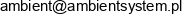 Ambient System Email address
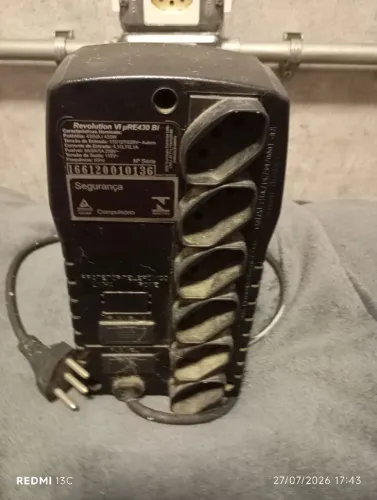 Estabilizador Sms 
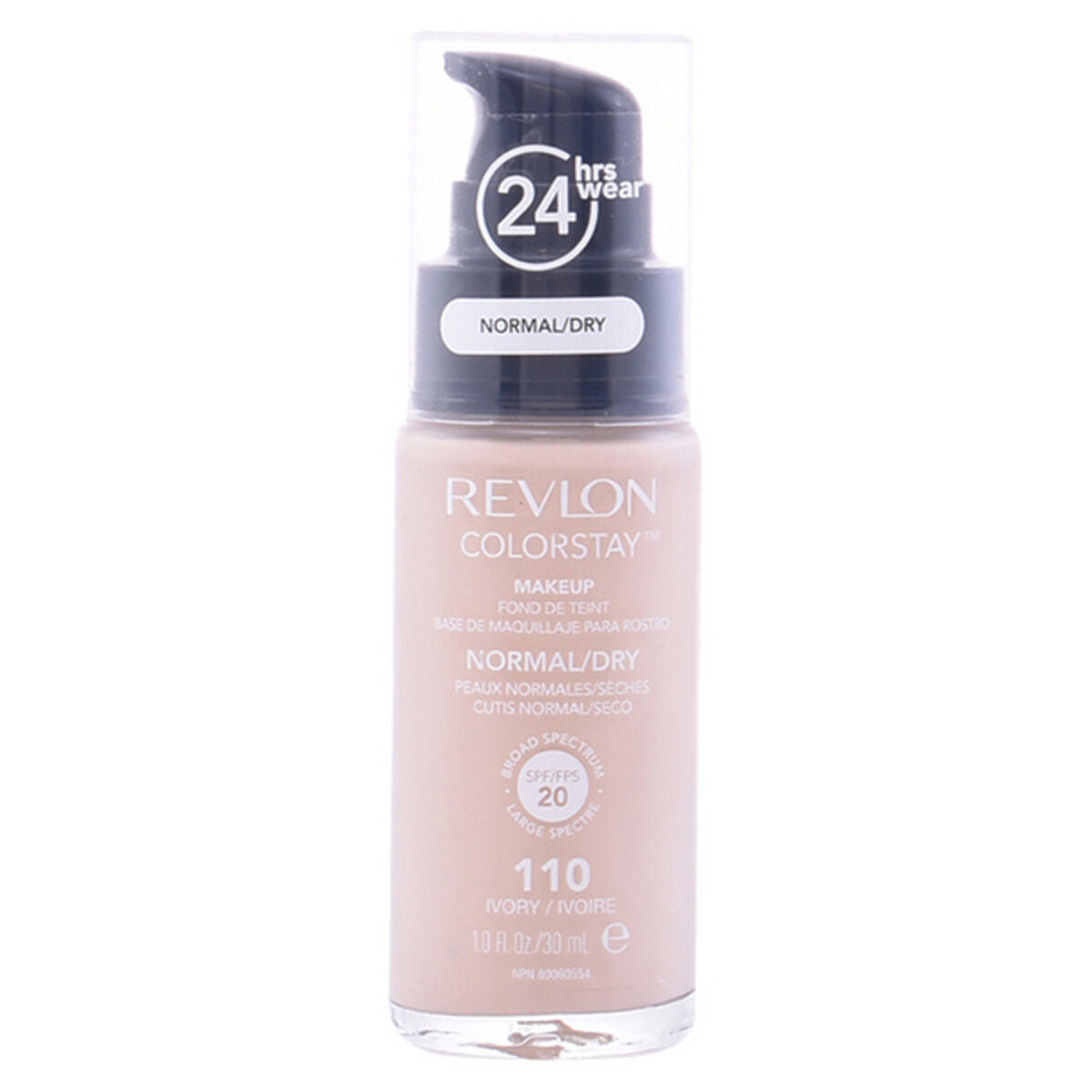 Fluid Foundation Make-up Revlon 007377-04 30 ml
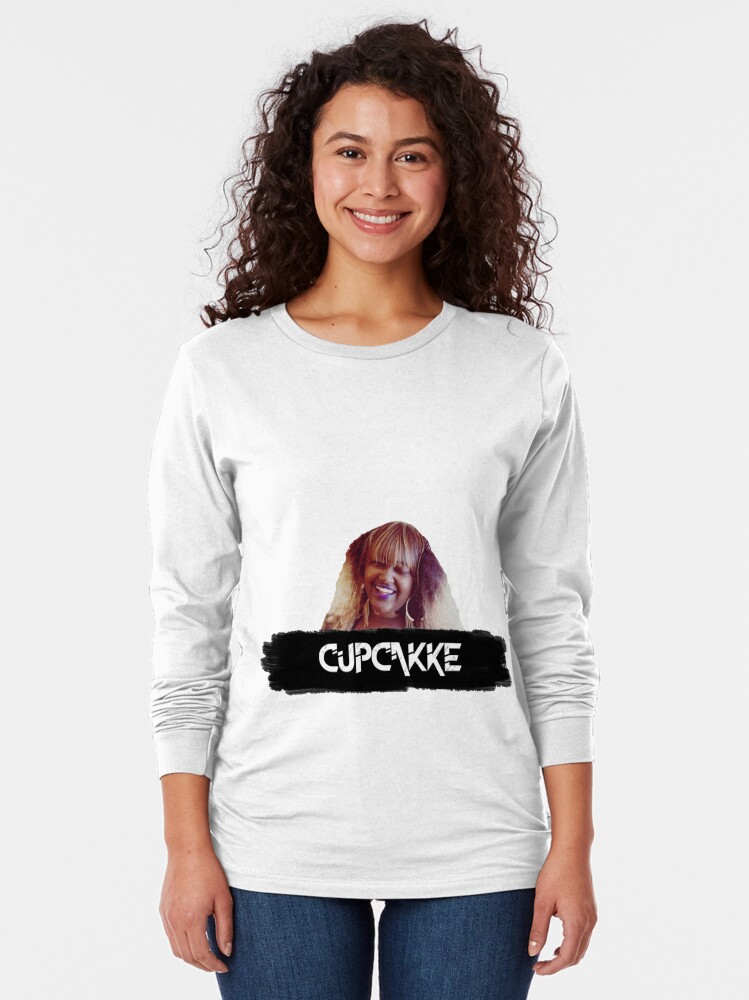 cupcakke t shirt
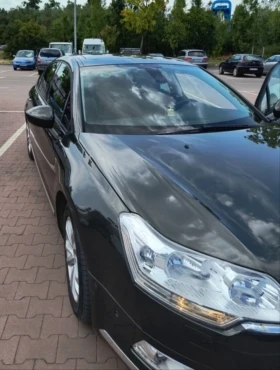 Citroen C5  | Mobile.bg    4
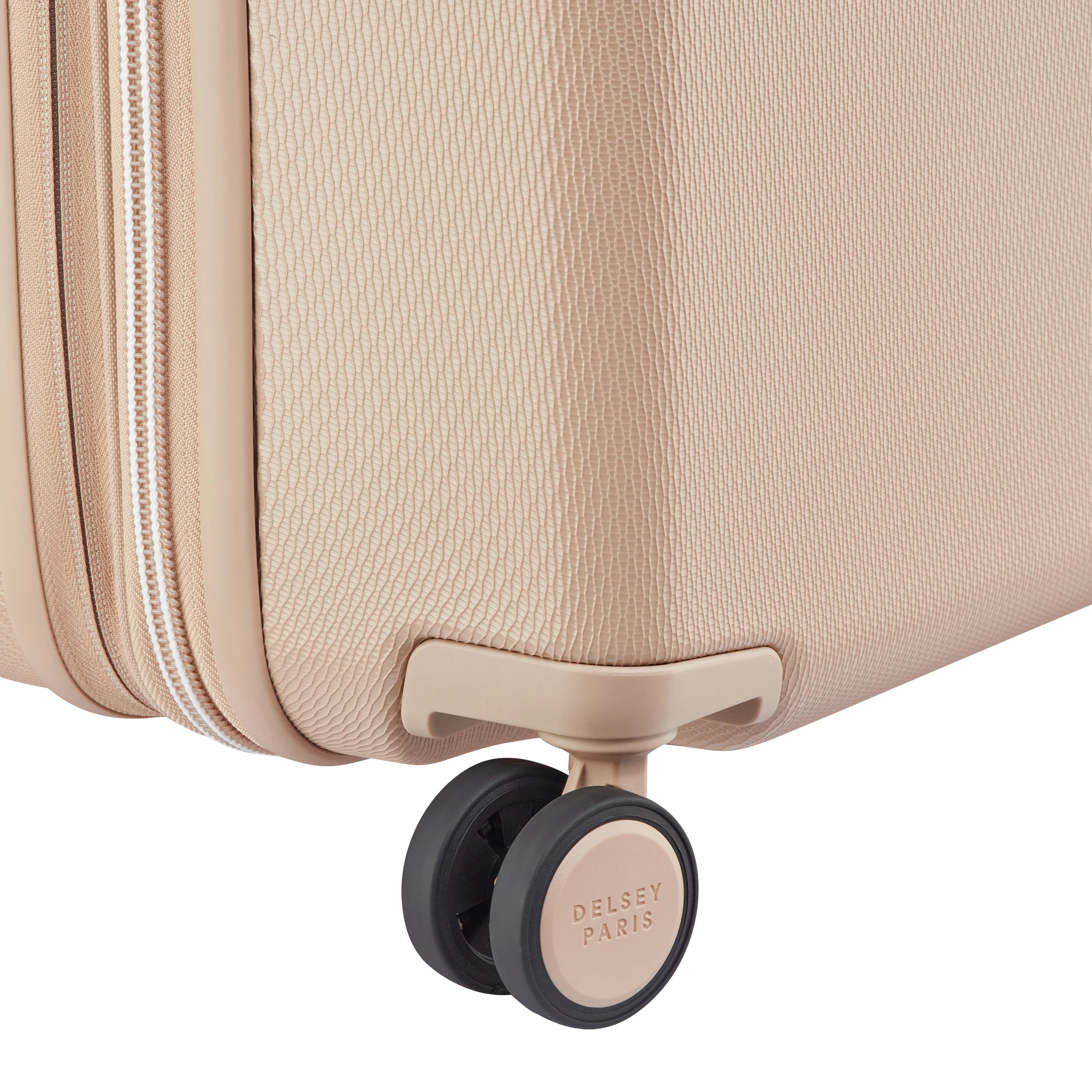 CHATELET AIR 2.0 | Check-in Medium Koffer Erweiterbar 66.5 CM BEIGE ROSA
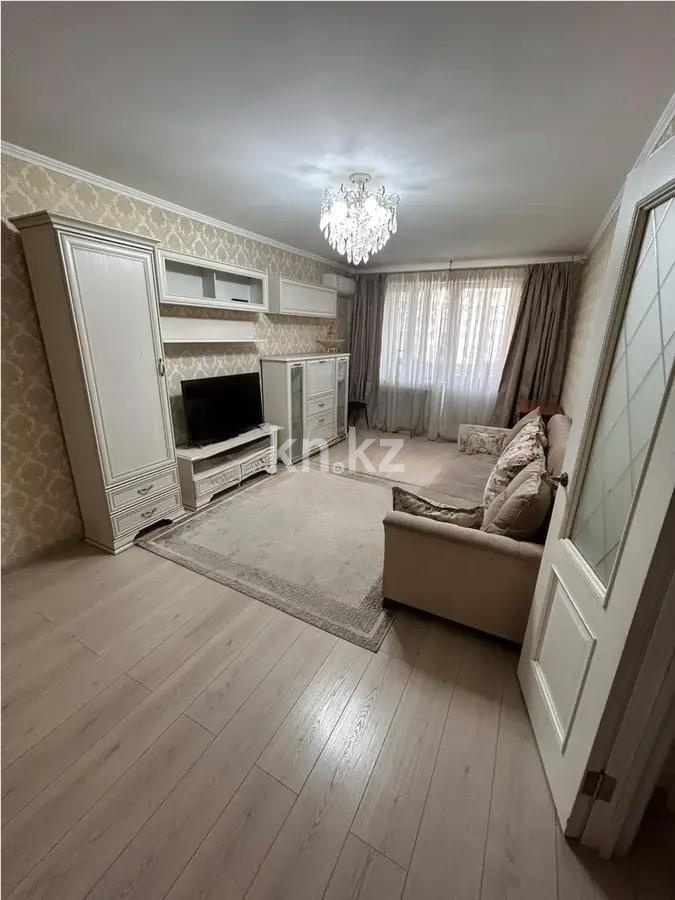 Продажа 3-комнатной квартиры, 86.8 м² в Алматы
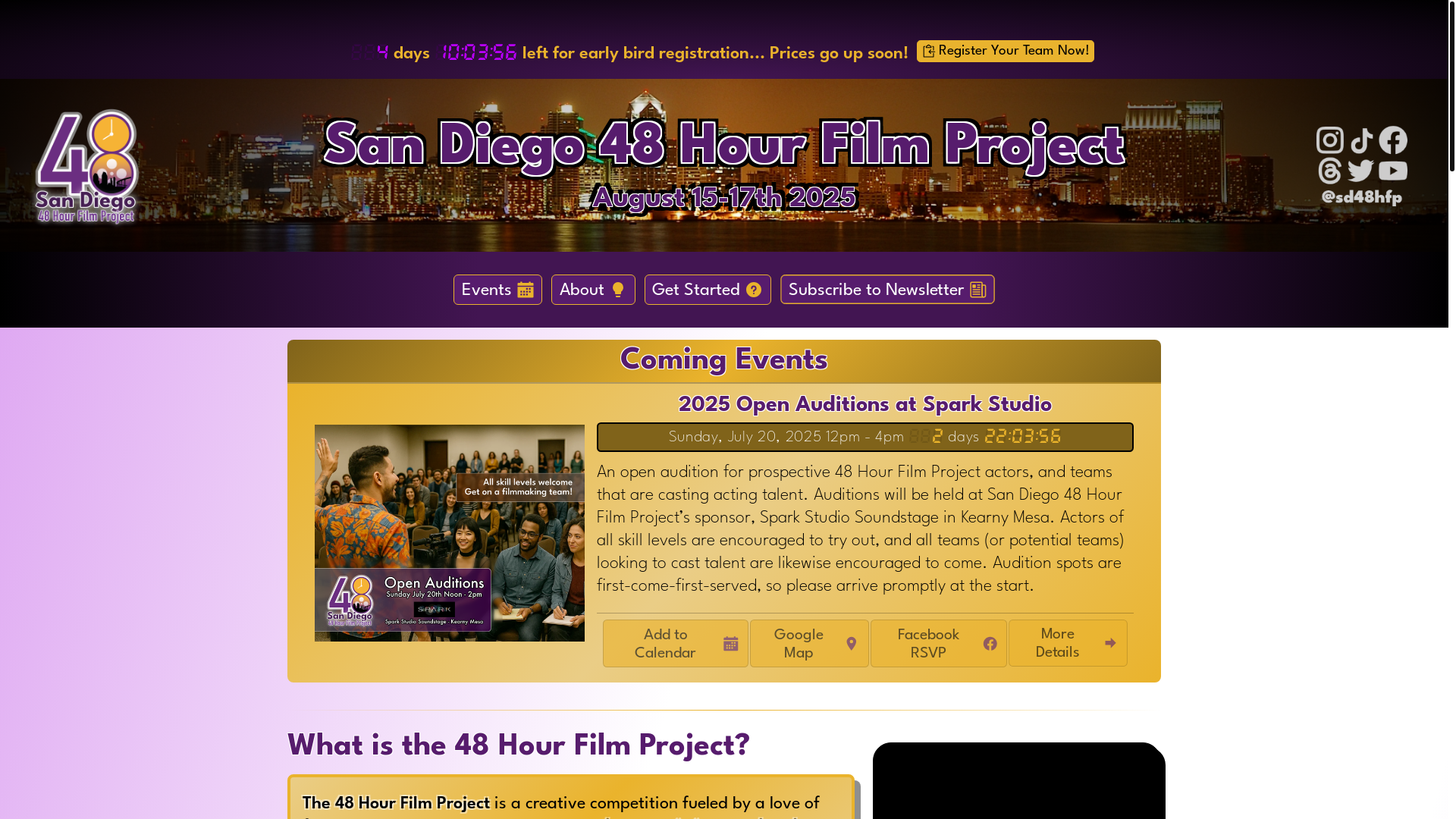 website screenshot of https://sandiego48-com.pages.dev/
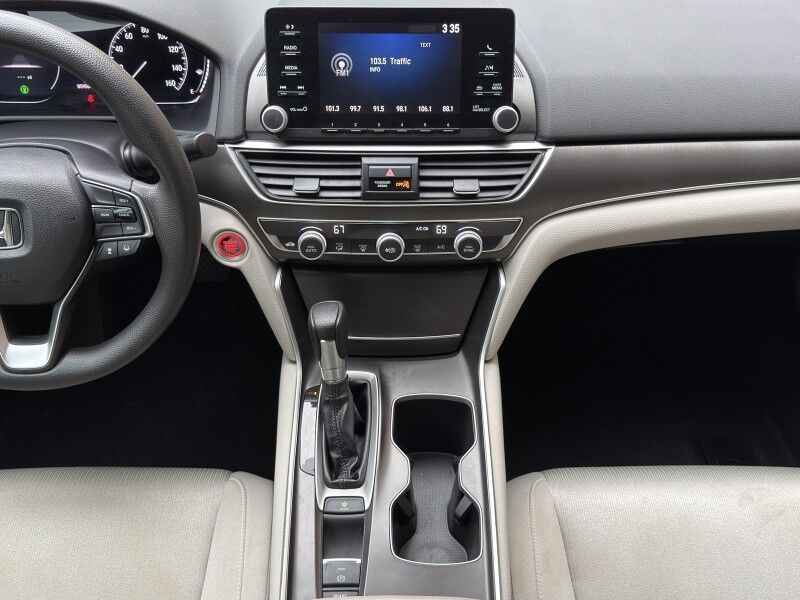 2018 Honda Accord 1.5T LX FWD Arlington VA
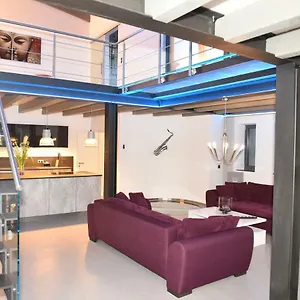 The Fountain Loft - 170sqm Deutschland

= = = = = = =

Directions for this task
Return word for word the line bearing "Продажа 3-комнатной квартиры, 86.8" and every later line of the entries, but none of the pictures.

Answer for the task
 Продажа 3-комнатной квартиры, 86.8 м² в Алматы
 website screenshot of https://sandiego48-com.pages.dev/
 2018 Honda Accord 1.5T LX FWD Arlington VA
 The Fountain Loft - 170sqm Deutschland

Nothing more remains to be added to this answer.